I am starting to differentiate situations better
Which ones to bother and which to ignore.
Last time when I work
I tend to create stress for myself
and I would do it just for the sake of doing it
Now it's a different thing
I've been telling myself
to enjoy the process and just learn from it.
Attitude matters so much
How you approach a situation will define the outcome.
Whether you learn or not depends on your mindset.
Overall I am quite pleased with myself
I've learn to accept mistakes and failures better
that each and every one of them teaches you
lessons and the right way of doing things.

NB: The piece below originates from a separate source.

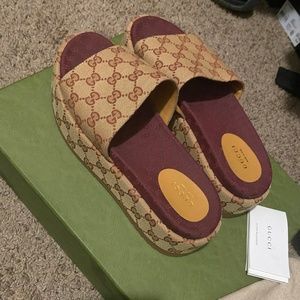 Gucci Platforms Beige Ruggine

School's going to start again soon.
I won't promise myself anything
I will go with the flow
and do my best.
Don't give up, learn and be better.
That's the mindset I'm gonna carry with me entering the term.
Just be yourself.
Alright Gotta sleep.
Good night people.
---
Jinyi told me some things which really motivated me so much.
I just want to thank her.
I've been thinking...
Maybe the thing that makes me stand out
is my thinking.
I probably have the ability to see things differently at times
and come up with multiple perspectives.
But that doesn't matter anymore.
Being special shouldn't be a big deal.
Being the best you can be everyday is more important.
That's just how i want myself to be.
Once again
Thank you Jin Yi :)
Tuesday, December 28, 2010 @ Life and lessons.
I just finished watching two feature films from Channel U
which is why I am still awake now.
I must say they are pretty good.
Really impressive to see them coming from local talents.
I love independent films.
Hollywood or blockbuster films are good of course
but they are often too overwhelming in what they bring.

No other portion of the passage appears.